За полтора века эта тема звучала с разных политических позиций. В. Е. Якуш-кин говорит, что “исследователи, разбирающие подробно николаевские взгляды Пушкина, особенно отмечают его проповедь о значении аристократического элемента, о значении дворянства... Происхождения они сложного: в нем участвовали и личная судьба, личное положение, отчасти же влияние Байрона, наконец, аристократические теории, которые Пушкин встречал у некоторых представителей революционного движения 20-х годов (известно, что тогда был составлен проект конституции с широкою ролью аристократии). Это вплотную, по мнению автора, связано с появлением новой знати — о чем поэт пишет в “Моей родословной”, и об этом есть и в прозе, в частности в его черновых тетрадях. “Пушкин,— отмечает автор,— вовсе не стоял на точке зрения безусловной дворянской гордости, что видно, например, из следующей фразы: “имена Минина и Ломоносова вдвоем перевесят, может быть все наши старые родословные, но неужто потомству их смешно было бы гордиться сими именами”1.

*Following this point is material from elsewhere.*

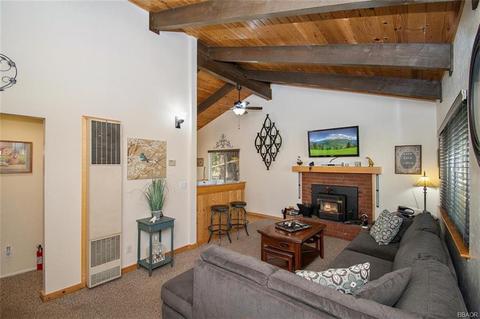 332 Brewer Way, Big Bear City, CA 92314 photo 5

С другой стороны, подчеркивает Якушкин, Пушкина порою незаслуженно критикуют за “непозволительное прихлебательство перед властью-победительницей”. В его стихотворениях “Клеветникам России” и “Бородинской годовщине” якобы сквозит “непозволительная насмешка над побежденными”. Автор отмечает, что взгляд Пушкина на поляков и польский вопрос сложился “еще задолго до восстания и его чувство, выраженное в стихах, не потворство официальным сферам”2. Впрочем, указанный вопрос достаточно сложен и неоднозначно представлен в нашей литературе...

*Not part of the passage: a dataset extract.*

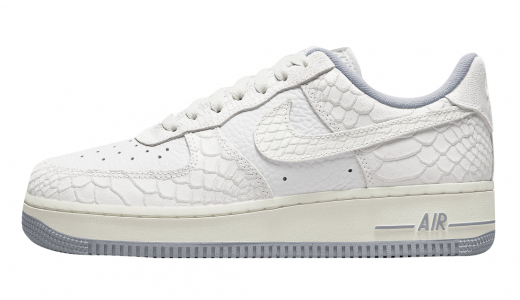 Look Out For The Nike WMNS Air Force 1 07 LXX Summit White Oil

“Бориса Годунова” Пушкин вынашивал долго. Как он чистосердечно писал: “Передо мной трагедия. Не могу вытерпеть, чтоб не выписать ее заглавия: Комедия о настоящей беде Московскому государству, о царе Борисе и о Гришке Отрепьеве писал раб Божий Александр сын Сергеев Пушкин в лето 7333 на городище Ворониче. Каково?” ( Курсив мой . — И. С. ). (Письмо П. А. Вяземскому 13 июля 1825 г.) Сказано азартно, может быть, озорно даже, но с глубоким знанием традиций летописания!
А. Н. Вульф, приятель поэта, записал: “Рассказывал мне Пушкин, как Государь цензирует его книги; он хотел мне показать “Годунова” с собственноручными Его Величества поправками. Высокому цензору не понравились шутки старого монаха с харчевницею”3.